Thumbs down: To the IHSA, which continues to maintain the contracts it makes regarding public high school athletic events, down to the ball used, should not be public information. The IHSA has not responded to inquiries regarding HR 895, which aims to – among other things – make those contracts public information and open back up public high school sports playoff webcasts to all. IHSA media relations liaison Matt Troha posted his personal response publicly on Twitter on Friday morning, calling it a “potential state takeover” and questioning state Rep. Linda Chapa LaVia’s motives. He also said that the pay-per-view money made on playoff events goes to the school and the provider, without acknowledging that the IHSA makes its money off a contract with the webcast provider, which is the only reason those royalties are split as such.

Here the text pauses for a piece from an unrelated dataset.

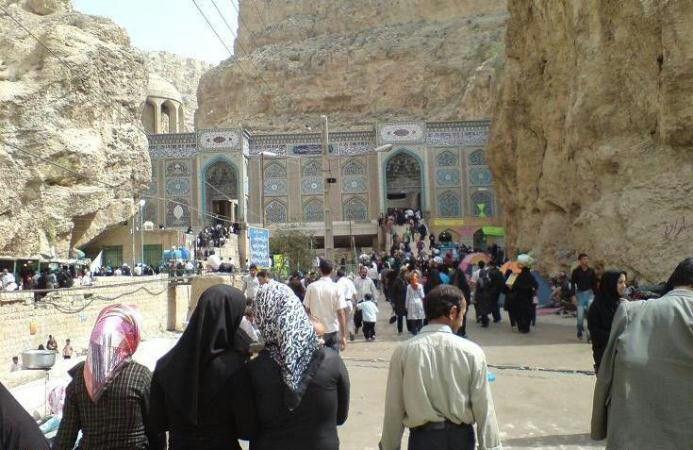 امامزاده بی‌بی حکیمه خاتون امامزاده بی‌بی حکیمه خاتون(س)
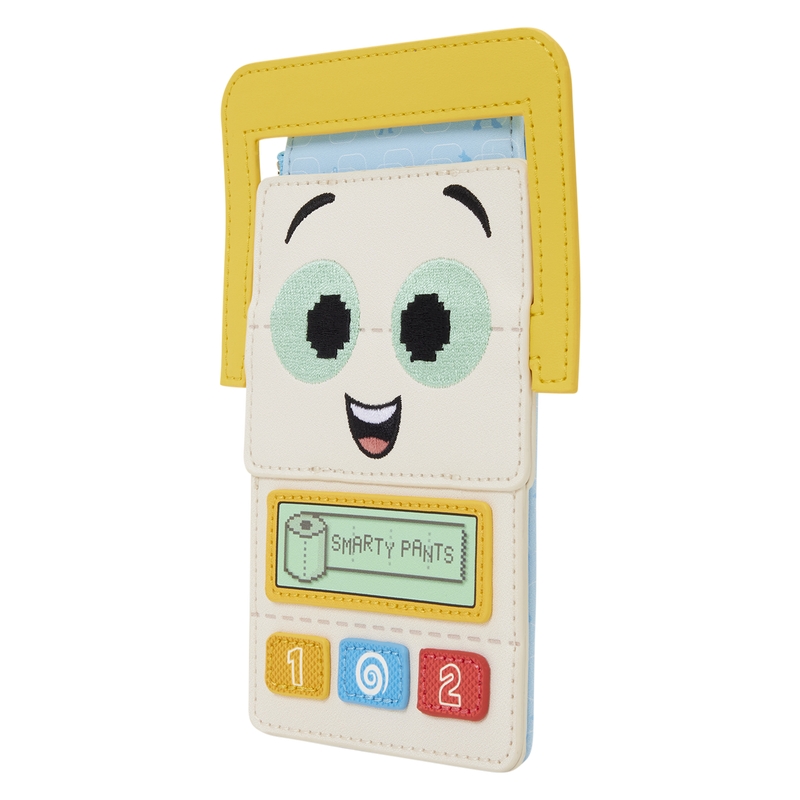 Loungefly Pixar : Toy Story 5 Smarty Pants Cosplay Card Holder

The House resolution’s motive, transparency, is simple and necessary.
Thumbs up: To Landmarks Illinois for making Camp Algonquin one of the most endangered historical places in the state. Although we don’t like that it’s gotten to this point, Camp Algonquin’s inclusion on the list could help lead a revival to a century-old Fox River destination, if the community wants to support it.
Thumbs down: To a proposal to raise the state’s gas tax to help fund road construction projects. Illinois residents already pay some of the highest gasoline prices in the country and are overtaxed. Now the Transportation for Illinois Coalition is proposing a 4-cent increase in the gas tax and higher vehicle registration fees. Again, Illinois doesn’t have a revenue problem. It has a spending problem.